→ **Task details**
In your output, repeat each entry exactly and include no pictures.

→ **Records supplied**
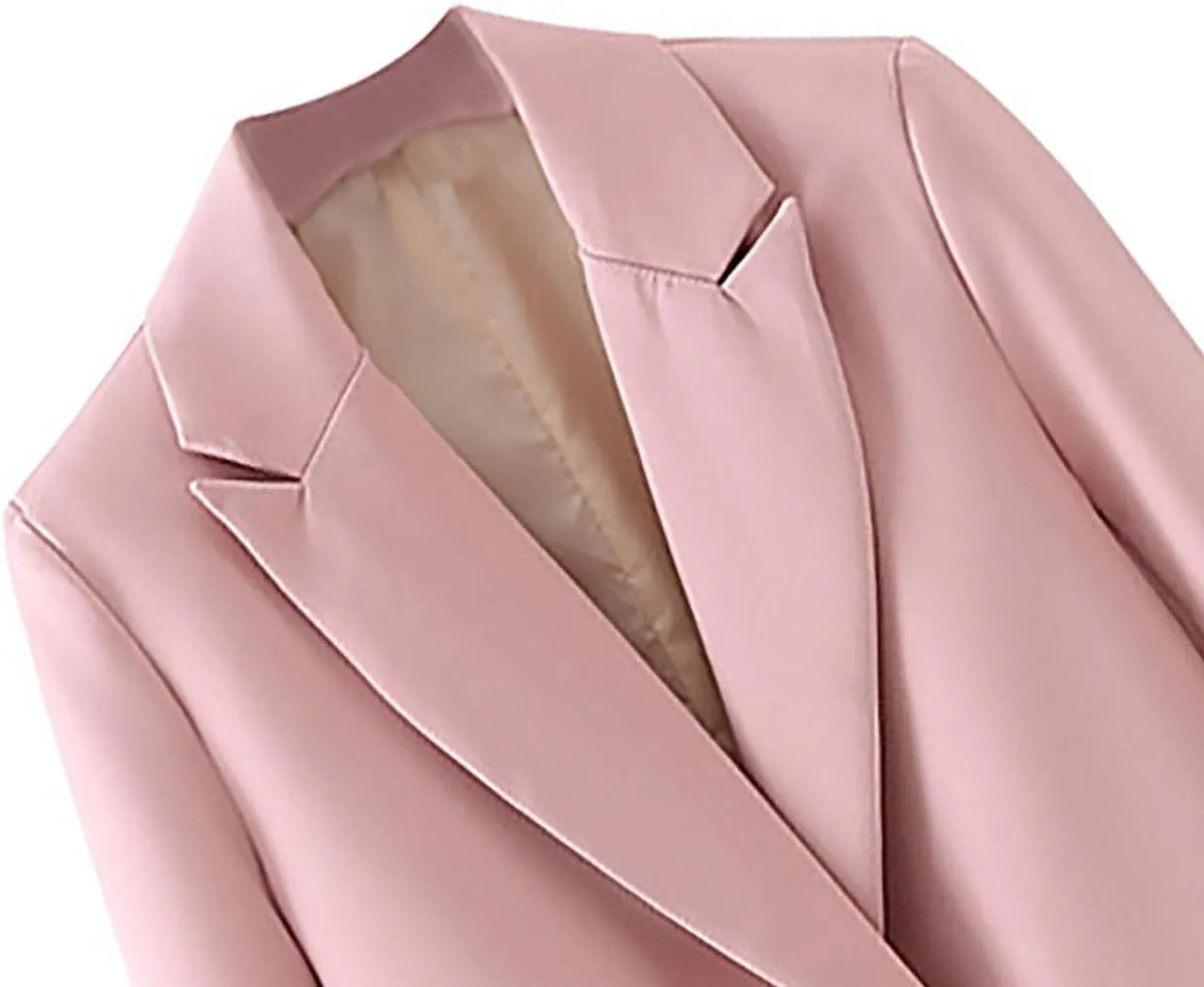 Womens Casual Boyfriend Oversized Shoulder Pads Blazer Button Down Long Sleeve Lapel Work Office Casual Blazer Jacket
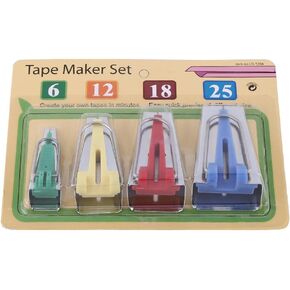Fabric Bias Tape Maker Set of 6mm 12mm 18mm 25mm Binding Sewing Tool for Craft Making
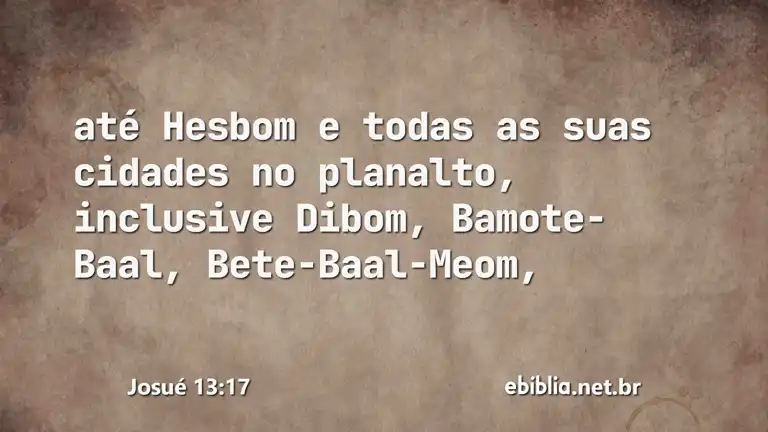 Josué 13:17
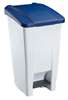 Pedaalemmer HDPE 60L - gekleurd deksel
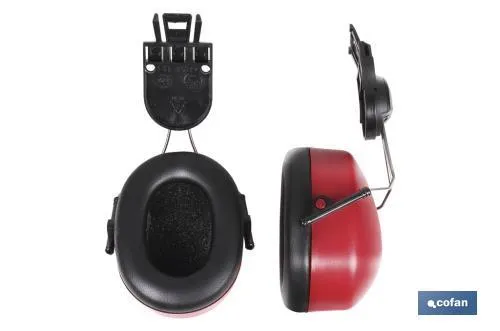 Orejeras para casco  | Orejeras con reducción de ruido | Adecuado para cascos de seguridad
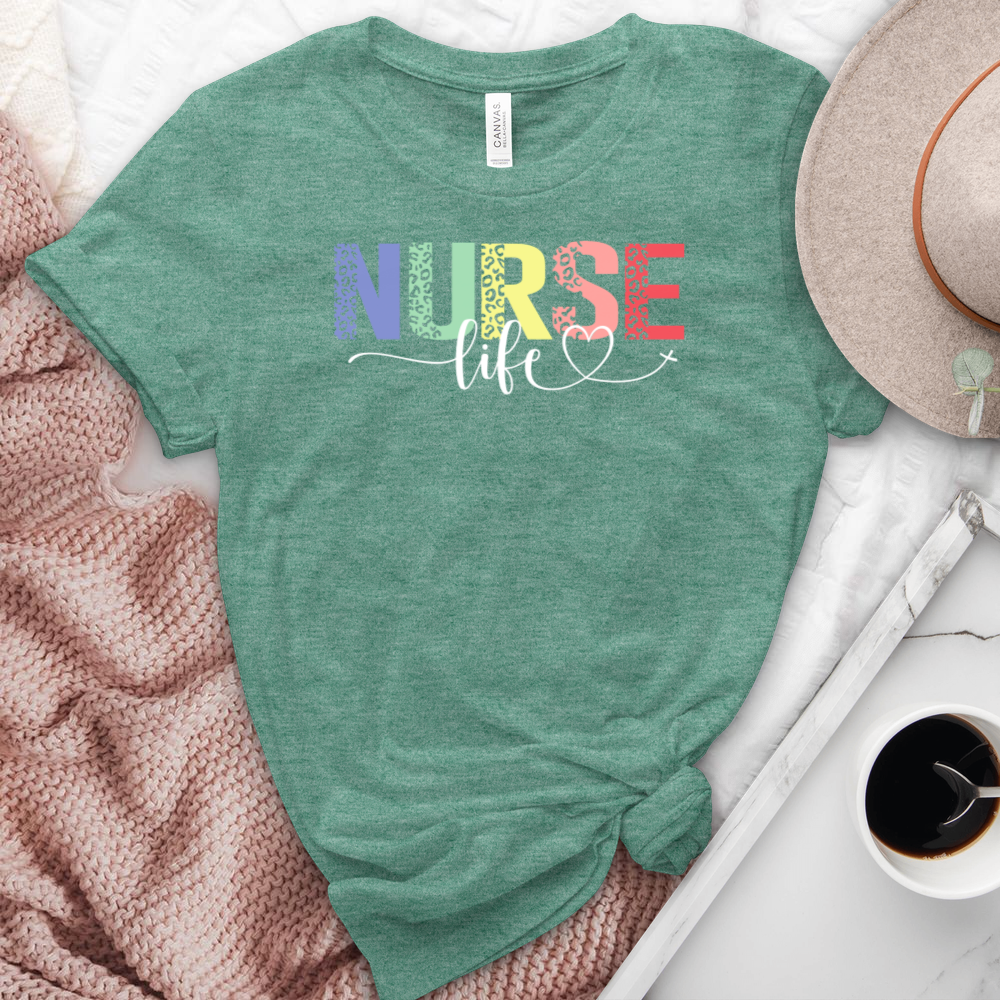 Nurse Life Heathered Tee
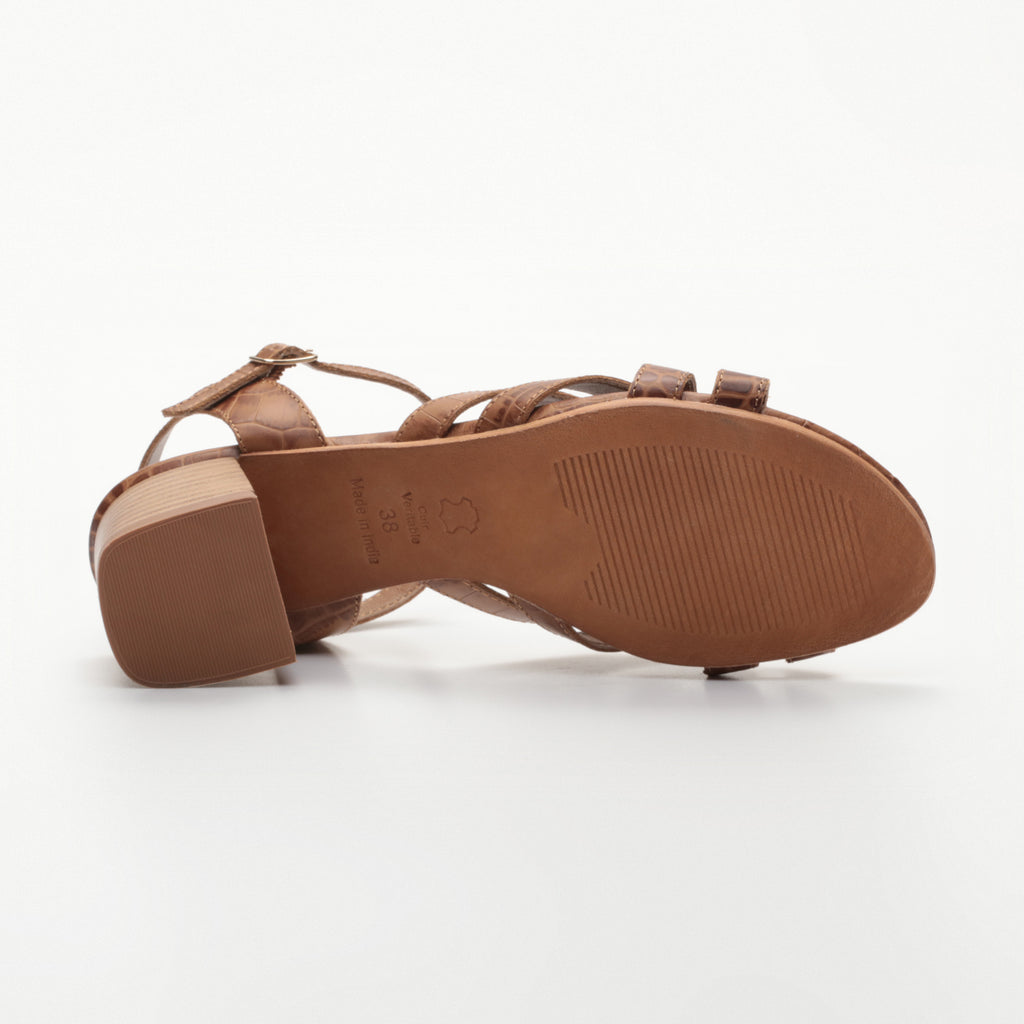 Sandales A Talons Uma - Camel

→ **Finished exercise**
 Womens Casual Boyfriend Oversized Shoulder Pads Blazer Button Down Long Sleeve Lapel Work Office Casual Blazer Jacket
Fabric Bias Tape Maker Set of 6mm 12mm 18mm 25mm Binding Sewing Tool for Craft Making
 Josué 13:17
 Pedaalemmer HDPE 60L - gekleurd deksel
 Orejeras para casco  | Orejeras con reducción de ruido | Adecuado para cascos de seguridad
 Nurse Life Heathered Tee
 Sandales A Talons Uma - Camel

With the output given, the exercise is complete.